▶ Problem details
Only what runs from the line with "istock Lights over" to the end of the data should appear in the answer, exactly as written and without pictures.

▶ Stored data
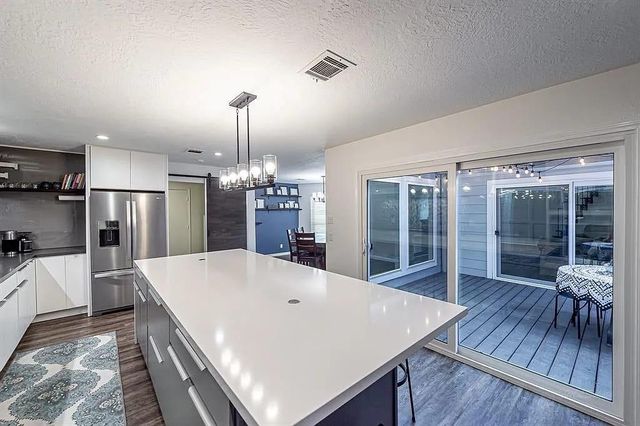 14427 Briarhills Parkway, Houston, TX 77077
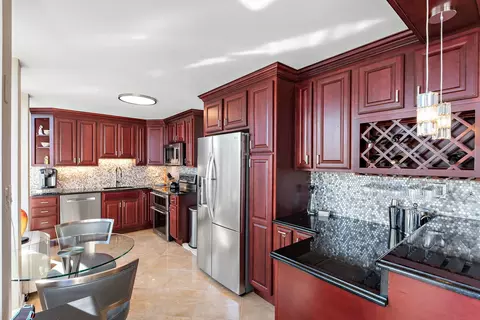 111 E Chestnut St #35C, Chicago, IL 60611 photo 11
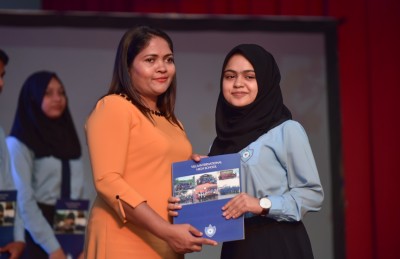 ވިލާ ހައި ސްކޫލުން 290 އަށް ވުރެ ގިނަ ދަރިވަރުން ގްރެޖުއޭޓްވެއްޖެ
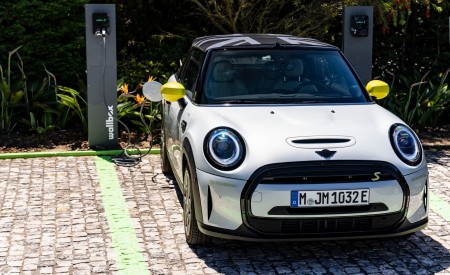 2022 Mini Cooper SE Convertible Concept Front Wallpapers 450x275 (98)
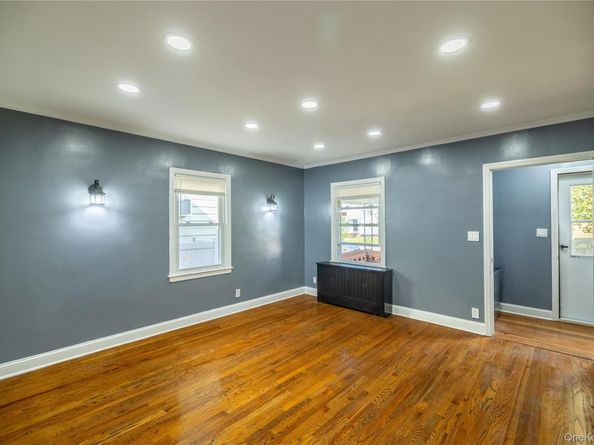 1035 Wool Avenue, Franklin Square NY 11010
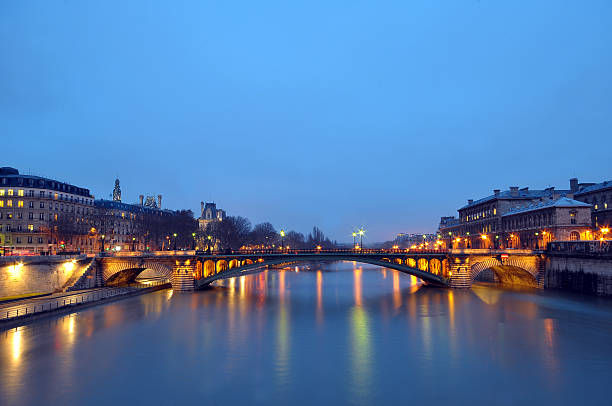 istock Lights over the river Seine in Paris 177087295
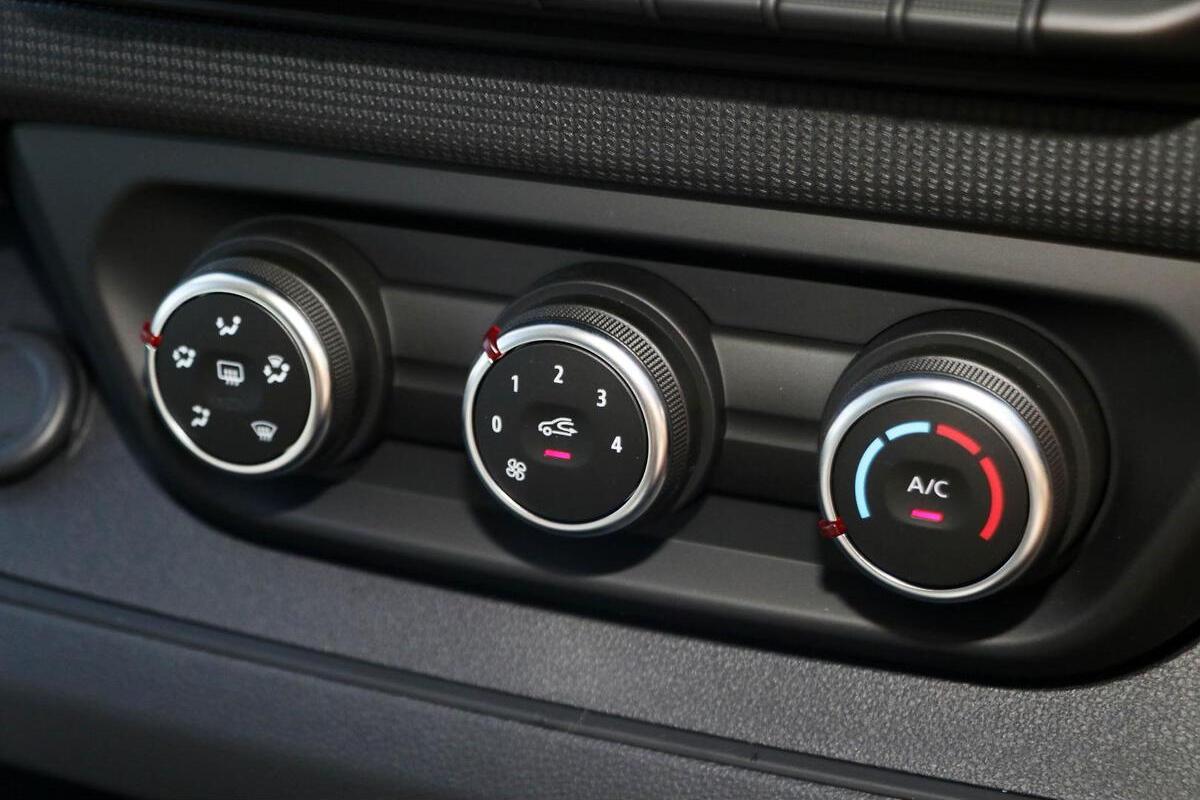 2024 Renault Trafic Pro SWB Manual MY24 image 14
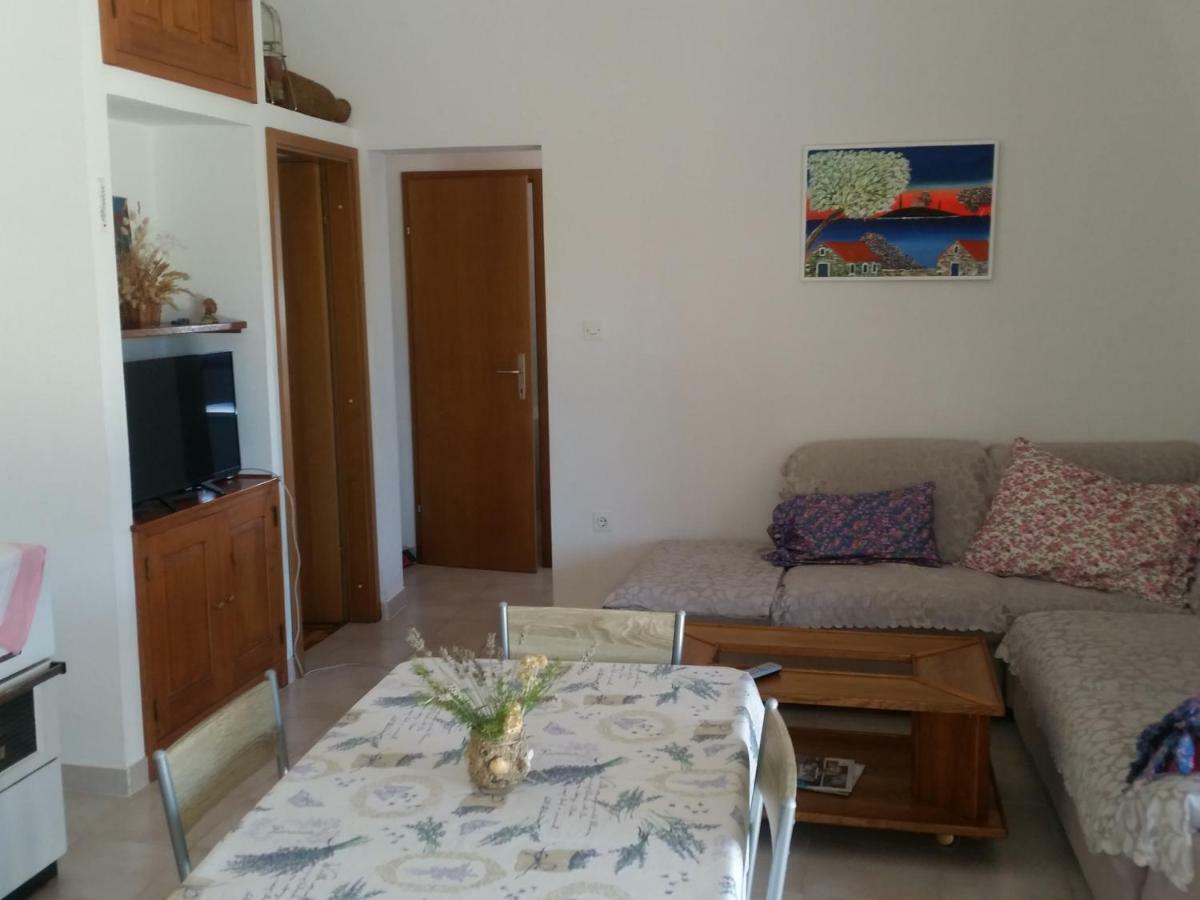Mendula Apartment Rogac Bagian luar foto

▶ Task response
 istock Lights over the river Seine in Paris 177087295
 2024 Renault Trafic Pro SWB Manual MY24 image 14
Mendula Apartment Rogac Bagian luar foto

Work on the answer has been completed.